Exercise aim
If a line below falls between the line with "[Love Lucky]CLOVER MINI" and the line with "Townhouses to rent", or is one of those two, output it exactly; output nothing else and no pictures.

[Opening Data provided section]

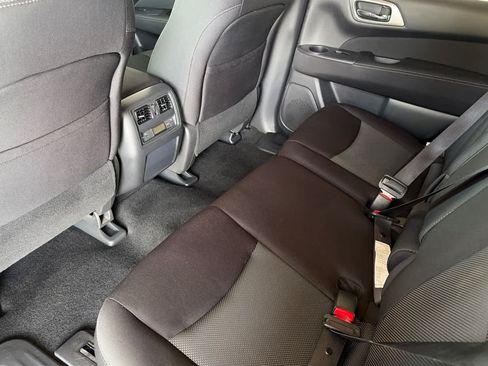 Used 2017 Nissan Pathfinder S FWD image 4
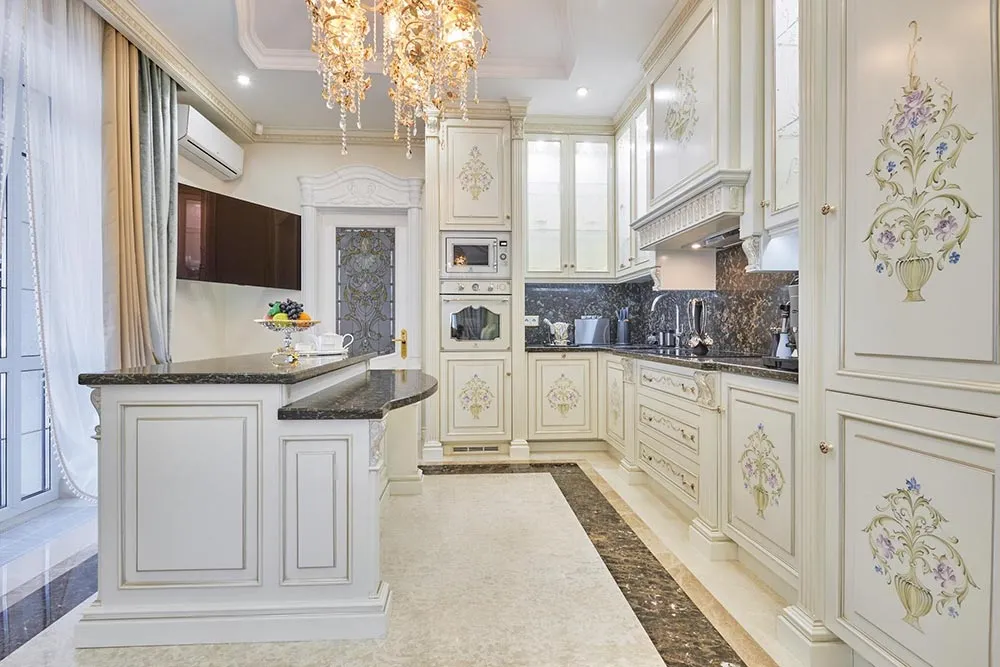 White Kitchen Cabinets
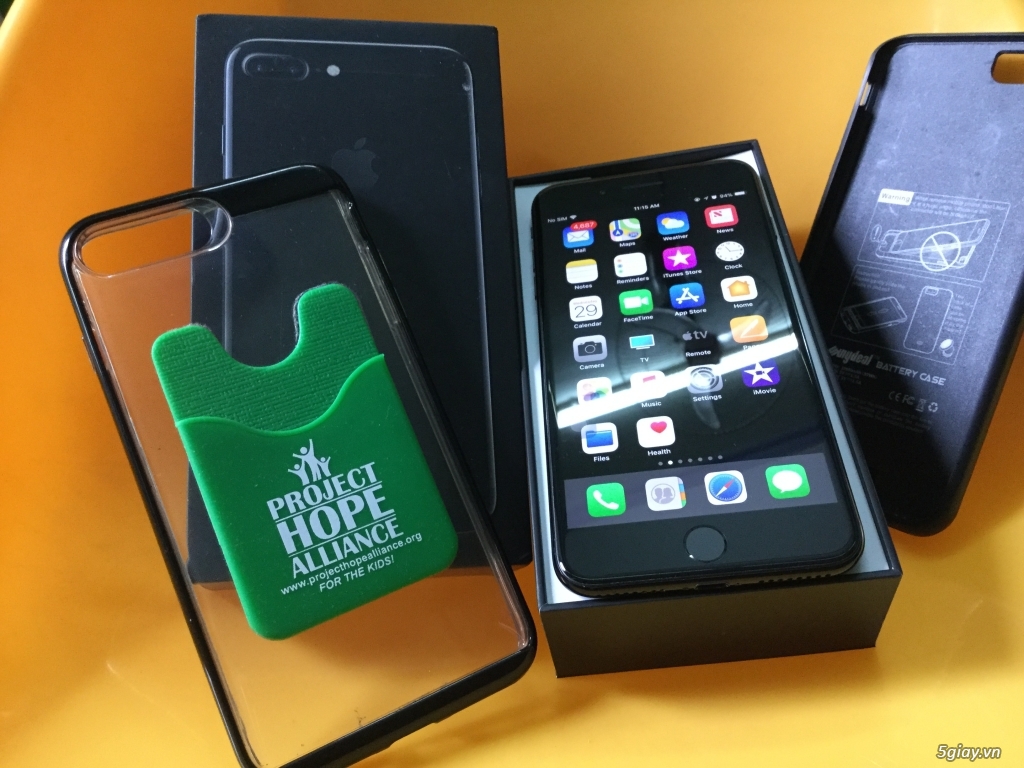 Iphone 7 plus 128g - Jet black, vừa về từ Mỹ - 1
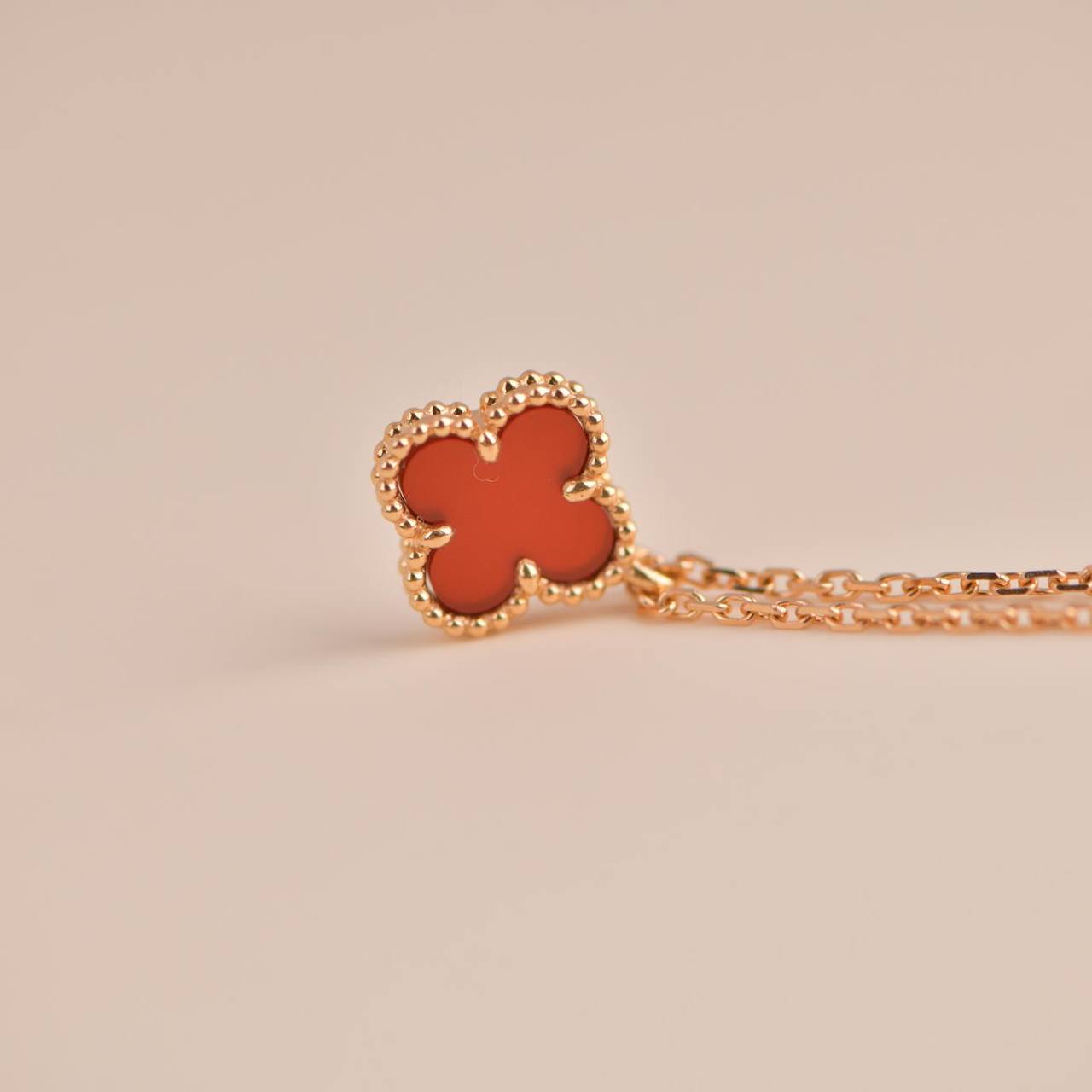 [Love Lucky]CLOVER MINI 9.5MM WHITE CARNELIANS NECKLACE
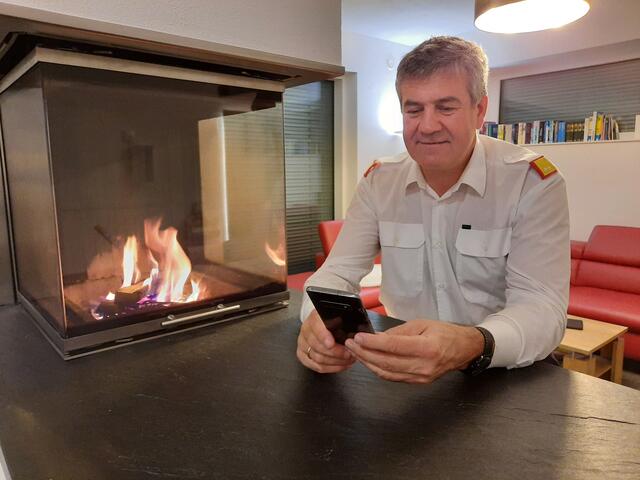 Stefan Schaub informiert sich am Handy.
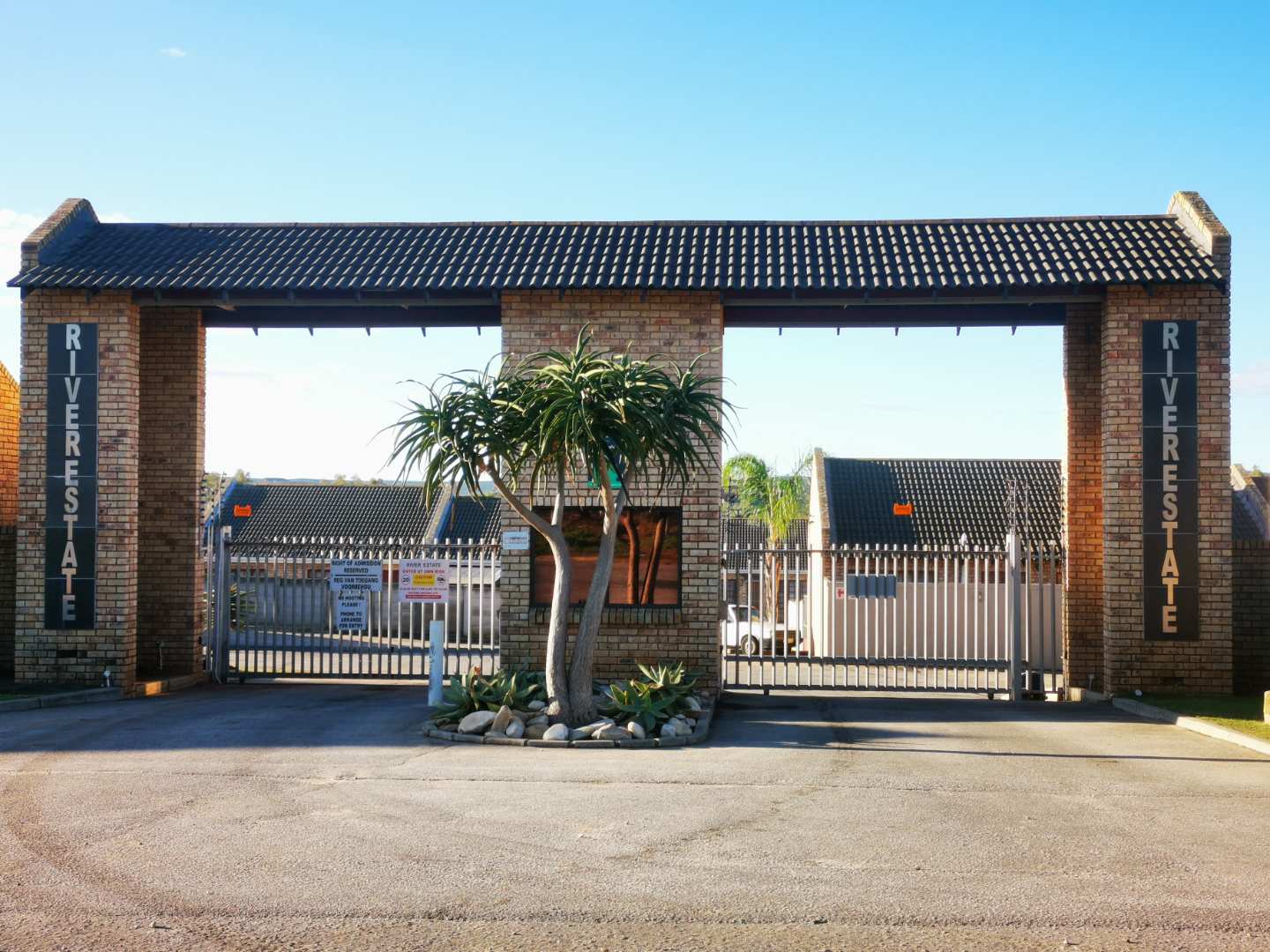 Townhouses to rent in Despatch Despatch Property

[Closing Data provided section]
[Opening Data provided section]

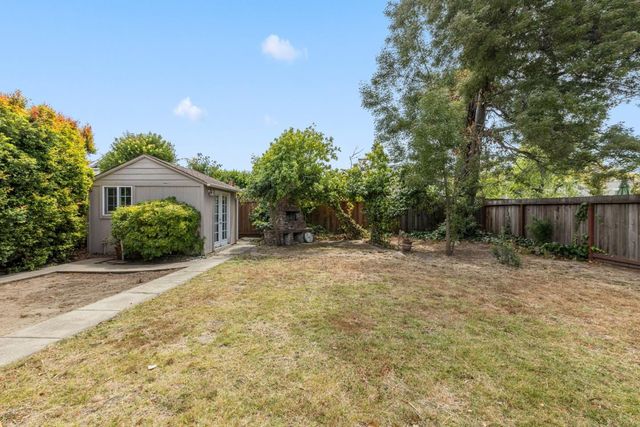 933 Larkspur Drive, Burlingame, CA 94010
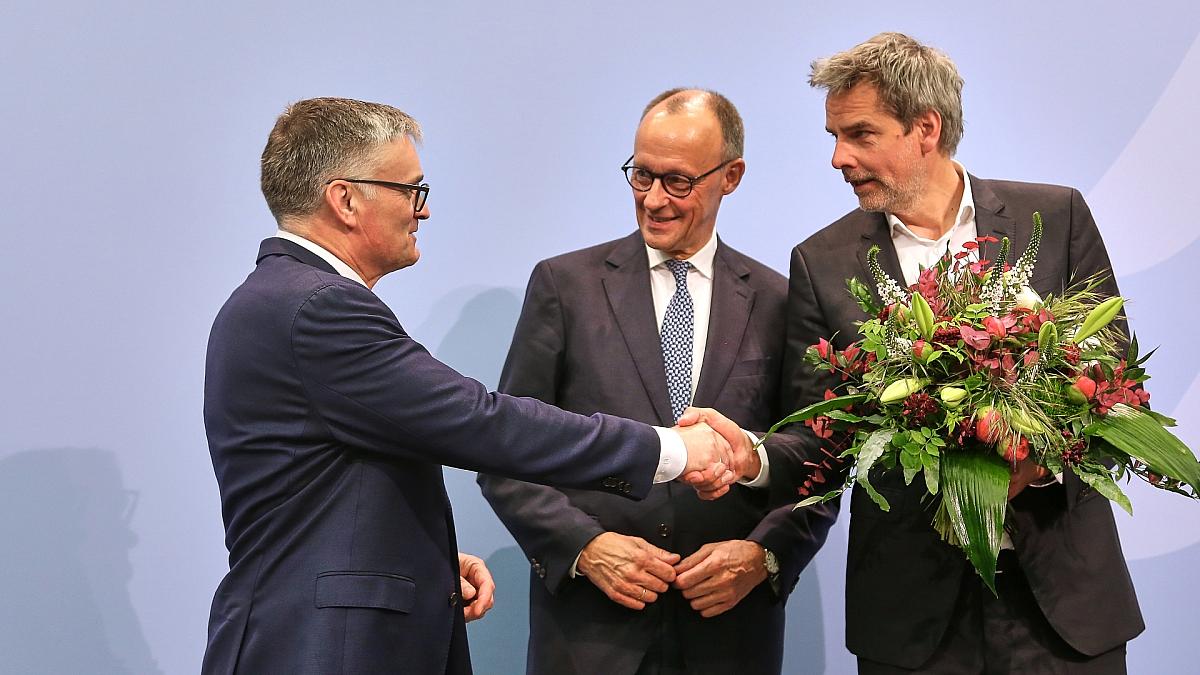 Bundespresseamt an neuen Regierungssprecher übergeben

[Closing Data provided section]
[Opening Data provided section]

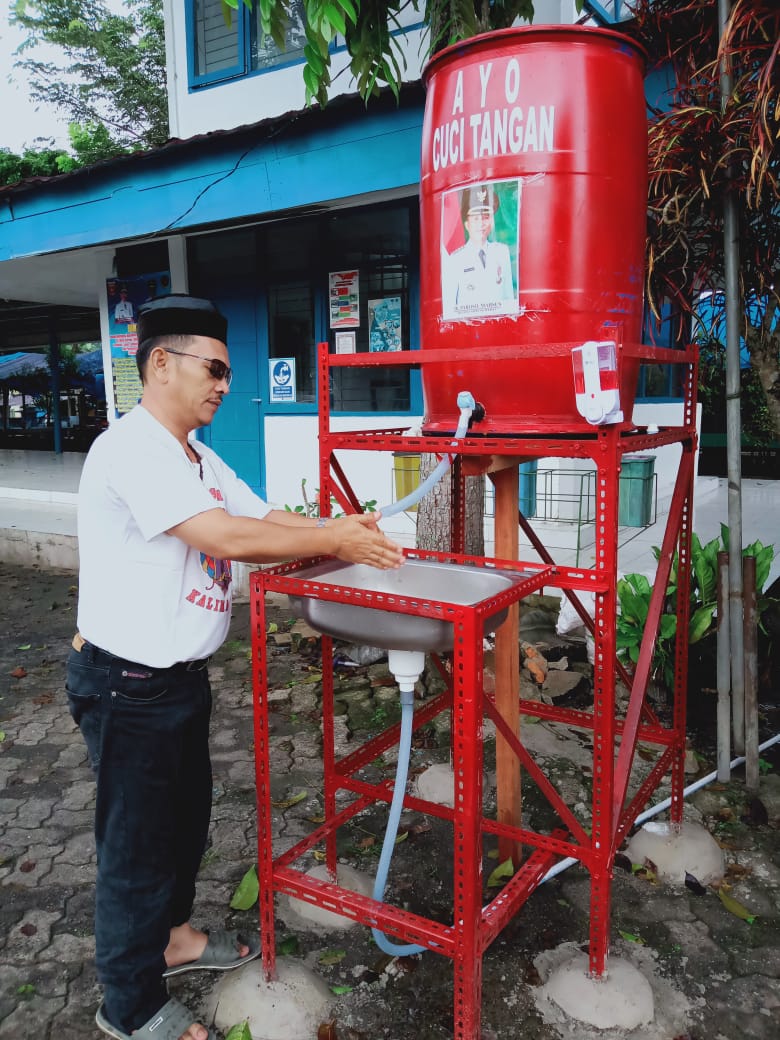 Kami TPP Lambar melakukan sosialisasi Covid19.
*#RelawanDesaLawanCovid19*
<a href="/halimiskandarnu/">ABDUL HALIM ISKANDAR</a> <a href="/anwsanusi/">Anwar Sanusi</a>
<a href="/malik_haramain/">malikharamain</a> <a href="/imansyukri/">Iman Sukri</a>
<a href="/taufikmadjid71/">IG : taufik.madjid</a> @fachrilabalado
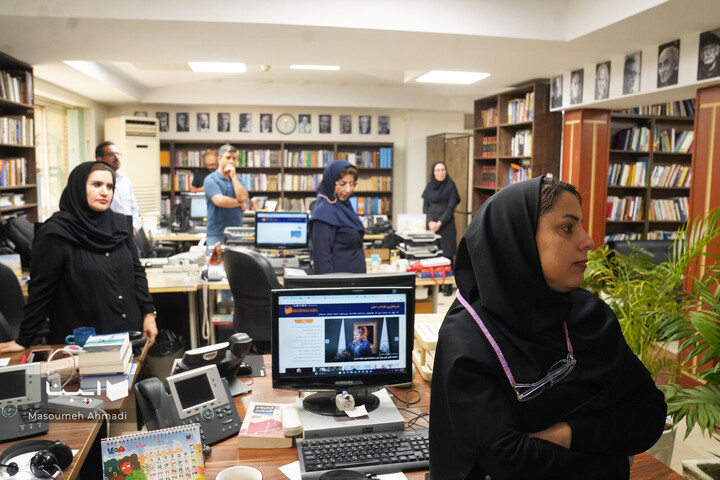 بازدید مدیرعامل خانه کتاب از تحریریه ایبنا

[Closing Data provided section]

Response box
 [Love Lucky]CLOVER MINI 9.5MM WHITE CARNELIANS NECKLACE
 Stefan Schaub informiert sich am Handy.
 Townhouses to rent in Despatch Despatch Property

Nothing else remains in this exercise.